All I can say, is a very big thank you to the kindly AA gent who helped me out when one of my tyres lost an argument with a shredded portion of blackthorn hedge over towards Maiden Newton on my way to Cerne Abbas – alas, the weaselly tyres on the eco friendly virtue wagon were no defence to the dagger like twiglets strewn across the road. The virtue wagon, being the modern thing that it is, has no spare wheel, jack or any other tools. Instead it has a wee zip up bag laughingly called a “Tire (sic) Mobility Kit” comprising a tin of sealing gunk and a plug in compressor. Which bright spark thought that would do the trick to seal a gaping wound a reasonably slim mouse could squeeze through seriously wants their bumps felt. No alternative but to call out the AA. On arrival, there were a lot of dark mutterings about so called Tire Mobility Kits…
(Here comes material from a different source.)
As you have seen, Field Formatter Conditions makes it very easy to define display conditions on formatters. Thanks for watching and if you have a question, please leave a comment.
So maybe that’s why I drive that Land Rover – it gets me to and from deliveries whatever perils the road flings up and in all weather conditions. Yes, I feel good driving a hybrid but going through puddles and fords (of which we have a plenty around here) is a bit like driving a toaster into a car wash – so, on balance, I’m going to stick with the Land Rover whenever the route suggests anything other than smooth tarmac all the way there and back. That way, orders get out on time and I get to keep my wheels full of air.
Three types of kindness
I quote this directly from Seth Godin - inventor of Yahoo and now a modern day soothsayer...
I like it. Hope you do, too.
There is the kindness of ‘please’ and ‘thank you.’ And the kindness of “I was wrong, I’m sorry.” The small kindnesses that smooth our interactions and help other people feel as though you’re aware of them. These don’t cost us much, in fact, in most settings, engaging with kindness is an essential part of connection, engagement and forward motion.
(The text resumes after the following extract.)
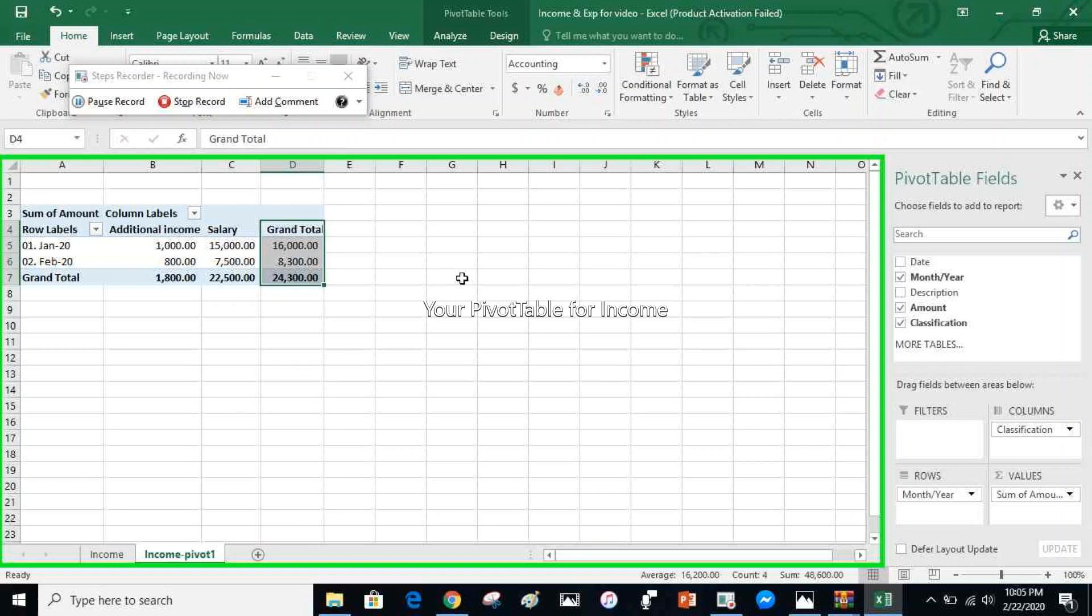This is how your pivot table looks like. You will be able to compare your income per month based on the classification or your source of income.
And then there is the kindness of dignity. Of giving someone the benefit of the doubt. The kindness of seeing someone for the person that they are and can become, and the realization that everyone, including me and you, has a noise in our heads, a story to be told, fear to be danced with and dreams to be realized.
And there’s another: The kindness of not seeking to maximize short-term personal gain. The kindness of building something for the community, of doing work that matters, of finding a resilient, anti-selfish path forward.
Kindness isn’t always easy or obvious, because the urgent race to the bottom, to easily measured metrics and to scarcity, can distract us. But bending the arc toward justice, toward dignity and toward connection is our best way forward.
Kindness multiplies and it enables possibility. When we’re of service to people, we have the chance to make things better.
Nuff said. It's what we strive to do. Everyday.